Science as a Global Public Good: Reflections from the Royal Society’s Science+ Event
- sarahschubert3
- 5 days ago
- 3 min read
Earlier this month, scholars, practitioners and policymakers converged at the Royal Society for a two-day exploration of a deceptively simple question: can science truly function as a global public good? Across conceptual, political and practical dimensions, the event exposed both the profound promise of science and the structural tensions that prevent it from serving societies equitably. For ICPEM, whose mission is to connect science with policy and practice in emergencies and resilience, this was an especially resonant conversation.
Re-examining “Science as a Public Good”
Professor Michaela Massimi opened by reminding us that the idea of science as a public good is neither settled nor straightforward. Legal, philosophical and economic perspectives often clash: UNESCO speaks of science as a shared human endeavour, yet widening global inequalities suggest that access to scientific progress is far from universal. Professor Geoffrey Boulton highlighted how modern scientific practice—publication models, professional incentives, and siloed academic cultures—systematically reduces the availability and usability of knowledge. Democratizing science, he argued, will require structural reform: rethinking publishing, enabling lifelong access to scientific knowledge, and strengthening the public voice within scientific institutions.
UNESCO’s Dr Konstantinos Tararas emphasised that scientific freedom, safety and openness are prerequisites for science to serve society.

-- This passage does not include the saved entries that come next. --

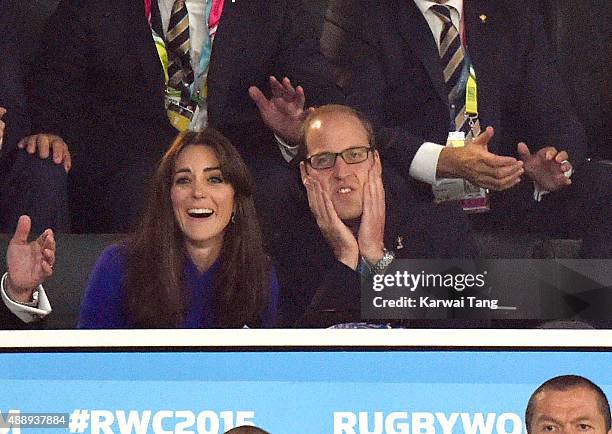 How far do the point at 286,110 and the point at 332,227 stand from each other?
34cm

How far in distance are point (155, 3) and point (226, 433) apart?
3.87 feet

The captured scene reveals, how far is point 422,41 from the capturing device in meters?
2.71

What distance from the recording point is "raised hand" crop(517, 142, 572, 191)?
266 centimetres

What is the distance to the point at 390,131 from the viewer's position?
2705 millimetres

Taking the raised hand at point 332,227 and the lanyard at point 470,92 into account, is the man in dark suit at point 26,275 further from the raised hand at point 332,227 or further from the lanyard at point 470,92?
the lanyard at point 470,92

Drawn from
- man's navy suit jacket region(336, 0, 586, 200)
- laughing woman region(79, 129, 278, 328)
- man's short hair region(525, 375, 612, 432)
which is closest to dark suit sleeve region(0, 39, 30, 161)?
A: laughing woman region(79, 129, 278, 328)

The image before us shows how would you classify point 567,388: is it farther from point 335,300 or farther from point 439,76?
point 439,76

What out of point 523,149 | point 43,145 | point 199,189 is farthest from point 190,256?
point 523,149

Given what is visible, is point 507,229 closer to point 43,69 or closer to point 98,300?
point 98,300

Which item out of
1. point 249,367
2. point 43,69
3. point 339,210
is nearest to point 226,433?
point 249,367

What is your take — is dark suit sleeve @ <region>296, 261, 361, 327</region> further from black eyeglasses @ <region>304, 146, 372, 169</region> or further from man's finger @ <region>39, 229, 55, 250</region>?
man's finger @ <region>39, 229, 55, 250</region>

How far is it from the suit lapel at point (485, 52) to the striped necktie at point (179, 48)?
75 centimetres

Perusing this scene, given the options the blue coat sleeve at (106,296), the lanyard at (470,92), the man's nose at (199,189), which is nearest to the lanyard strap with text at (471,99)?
the lanyard at (470,92)

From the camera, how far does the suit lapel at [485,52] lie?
2691 mm
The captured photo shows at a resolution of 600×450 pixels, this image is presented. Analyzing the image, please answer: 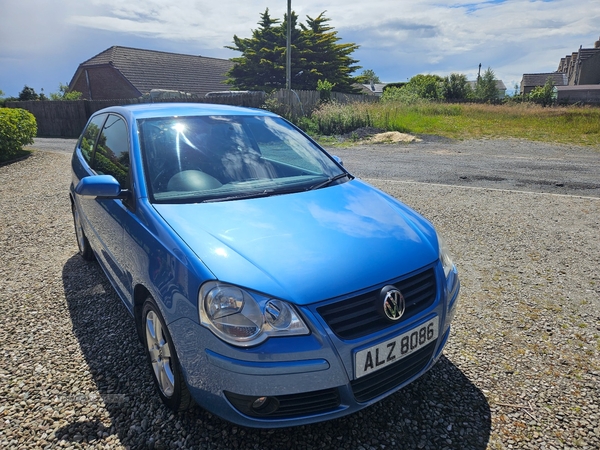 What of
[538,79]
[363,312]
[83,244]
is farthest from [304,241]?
[538,79]

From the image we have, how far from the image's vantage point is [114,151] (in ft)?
10.6

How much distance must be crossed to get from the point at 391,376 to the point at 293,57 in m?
32.1

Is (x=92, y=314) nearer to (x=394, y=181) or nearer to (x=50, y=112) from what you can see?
(x=394, y=181)

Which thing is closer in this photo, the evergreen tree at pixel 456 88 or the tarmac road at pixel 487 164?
the tarmac road at pixel 487 164

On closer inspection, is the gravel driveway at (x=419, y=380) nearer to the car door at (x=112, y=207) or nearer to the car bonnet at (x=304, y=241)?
the car door at (x=112, y=207)

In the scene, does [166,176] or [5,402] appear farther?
[166,176]

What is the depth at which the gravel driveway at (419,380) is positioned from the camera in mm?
2129

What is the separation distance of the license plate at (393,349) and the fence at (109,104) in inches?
738

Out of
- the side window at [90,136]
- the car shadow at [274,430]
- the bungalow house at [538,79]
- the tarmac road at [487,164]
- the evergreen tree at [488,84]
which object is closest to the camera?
the car shadow at [274,430]

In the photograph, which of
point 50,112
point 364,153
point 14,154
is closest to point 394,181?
point 364,153

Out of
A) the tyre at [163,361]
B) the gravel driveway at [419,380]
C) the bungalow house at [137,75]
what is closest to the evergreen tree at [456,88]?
the bungalow house at [137,75]

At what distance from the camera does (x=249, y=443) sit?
6.82 ft

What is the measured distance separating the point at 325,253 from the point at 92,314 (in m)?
2.33

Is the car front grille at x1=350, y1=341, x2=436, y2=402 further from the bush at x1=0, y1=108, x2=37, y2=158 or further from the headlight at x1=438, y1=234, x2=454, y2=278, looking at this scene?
the bush at x1=0, y1=108, x2=37, y2=158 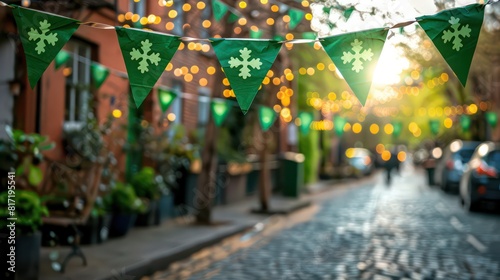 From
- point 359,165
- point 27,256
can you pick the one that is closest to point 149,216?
point 27,256

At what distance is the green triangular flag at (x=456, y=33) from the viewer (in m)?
5.40

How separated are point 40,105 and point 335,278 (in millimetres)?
5642

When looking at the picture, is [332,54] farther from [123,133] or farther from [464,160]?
[464,160]

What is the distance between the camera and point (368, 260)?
9.32m

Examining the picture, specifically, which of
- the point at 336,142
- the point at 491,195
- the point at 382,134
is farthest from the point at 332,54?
the point at 382,134

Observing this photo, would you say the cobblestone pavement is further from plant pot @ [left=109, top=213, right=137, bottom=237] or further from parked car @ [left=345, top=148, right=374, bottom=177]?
parked car @ [left=345, top=148, right=374, bottom=177]

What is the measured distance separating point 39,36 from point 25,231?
256 centimetres

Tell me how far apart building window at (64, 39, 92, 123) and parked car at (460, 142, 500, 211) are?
368 inches

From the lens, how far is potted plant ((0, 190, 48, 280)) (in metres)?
6.80

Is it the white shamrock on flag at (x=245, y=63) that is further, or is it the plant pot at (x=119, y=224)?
the plant pot at (x=119, y=224)

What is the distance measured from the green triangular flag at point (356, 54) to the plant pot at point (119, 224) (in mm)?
6490

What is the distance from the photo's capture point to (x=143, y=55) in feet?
18.0

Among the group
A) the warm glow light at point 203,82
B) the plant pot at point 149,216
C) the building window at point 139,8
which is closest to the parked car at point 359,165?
the warm glow light at point 203,82

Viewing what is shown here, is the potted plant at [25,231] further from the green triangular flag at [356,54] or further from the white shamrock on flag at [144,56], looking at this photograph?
the green triangular flag at [356,54] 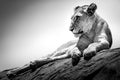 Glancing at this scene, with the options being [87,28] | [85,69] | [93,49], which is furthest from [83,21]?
[85,69]

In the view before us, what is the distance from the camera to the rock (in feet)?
6.67

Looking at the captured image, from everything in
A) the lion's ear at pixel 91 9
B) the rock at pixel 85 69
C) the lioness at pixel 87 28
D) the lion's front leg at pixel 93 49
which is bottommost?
the rock at pixel 85 69

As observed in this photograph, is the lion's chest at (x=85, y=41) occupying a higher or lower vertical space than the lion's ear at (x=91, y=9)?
lower

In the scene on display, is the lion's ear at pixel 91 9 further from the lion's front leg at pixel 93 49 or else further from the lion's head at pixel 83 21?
the lion's front leg at pixel 93 49

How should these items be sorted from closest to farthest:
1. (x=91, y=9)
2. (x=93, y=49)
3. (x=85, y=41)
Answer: (x=93, y=49) → (x=91, y=9) → (x=85, y=41)

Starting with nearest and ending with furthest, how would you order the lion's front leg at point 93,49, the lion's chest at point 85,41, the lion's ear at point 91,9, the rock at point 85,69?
the rock at point 85,69, the lion's front leg at point 93,49, the lion's ear at point 91,9, the lion's chest at point 85,41

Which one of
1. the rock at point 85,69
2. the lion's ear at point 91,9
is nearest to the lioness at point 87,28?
the lion's ear at point 91,9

However, emerging tools for monitoring these freedoms reveal severe risks, including threats to researchers, online harassment, political pressure, and the challenges posed when funders also act as assessors of scientific freedom.
Human Rights, Public Value and Participation
Discussions on the human right to science, led by Professors Alexandra Xanthaki, Professor Jonathan Wolff and others, underscored the complex interplay between freedom, inclusion and expertise. A recurring theme was participation: not merely access to scientific outcomes, but meaningful involvement in setting research agendas, shaping decisions, and ensuring that benefits and harms are shared transparently. This raises practical questions about funding, fairness and whose knowledge counts—especially for communities with lived experience, indigenous knowledge systems, and non-traditional expertise.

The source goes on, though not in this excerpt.